**To do:** Within the records that follow, restate exactly the lines from the line with "Twin Birds Women" down to the line with "RN VATI Fundamentals", including both. Omit the pictures.

**Provided entries:**
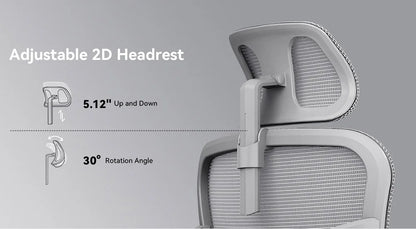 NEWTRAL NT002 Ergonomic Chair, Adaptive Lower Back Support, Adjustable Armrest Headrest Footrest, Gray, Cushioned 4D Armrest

==

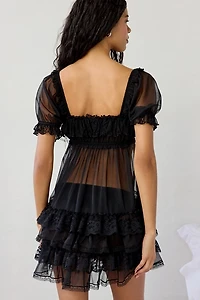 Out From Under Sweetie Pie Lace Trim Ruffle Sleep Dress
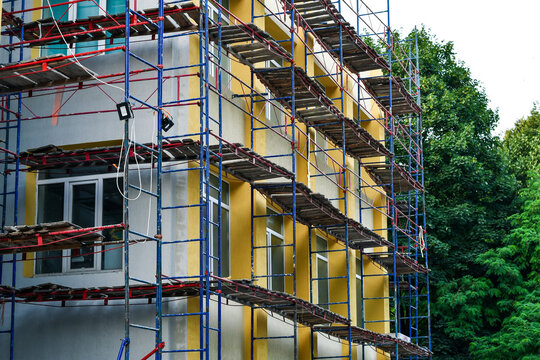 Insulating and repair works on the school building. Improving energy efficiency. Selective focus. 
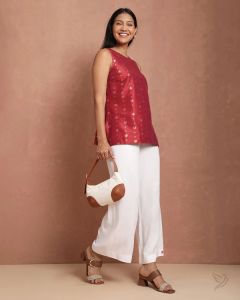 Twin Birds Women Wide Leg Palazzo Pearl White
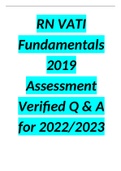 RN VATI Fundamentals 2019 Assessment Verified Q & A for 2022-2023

---

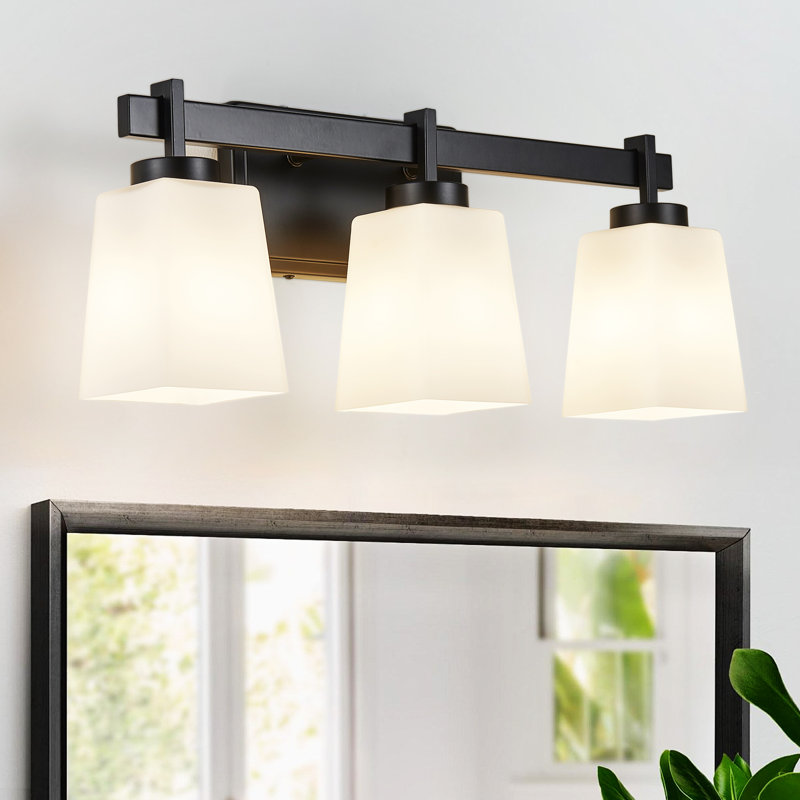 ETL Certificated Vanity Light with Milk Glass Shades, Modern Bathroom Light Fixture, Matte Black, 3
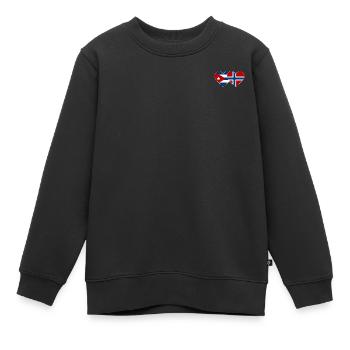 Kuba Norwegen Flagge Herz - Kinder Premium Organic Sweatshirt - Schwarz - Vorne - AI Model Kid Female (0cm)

**Answer box:**
 Twin Birds Women Wide Leg Palazzo Pearl White
 RN VATI Fundamentals 2019 Assessment Verified Q & A for 2022-2023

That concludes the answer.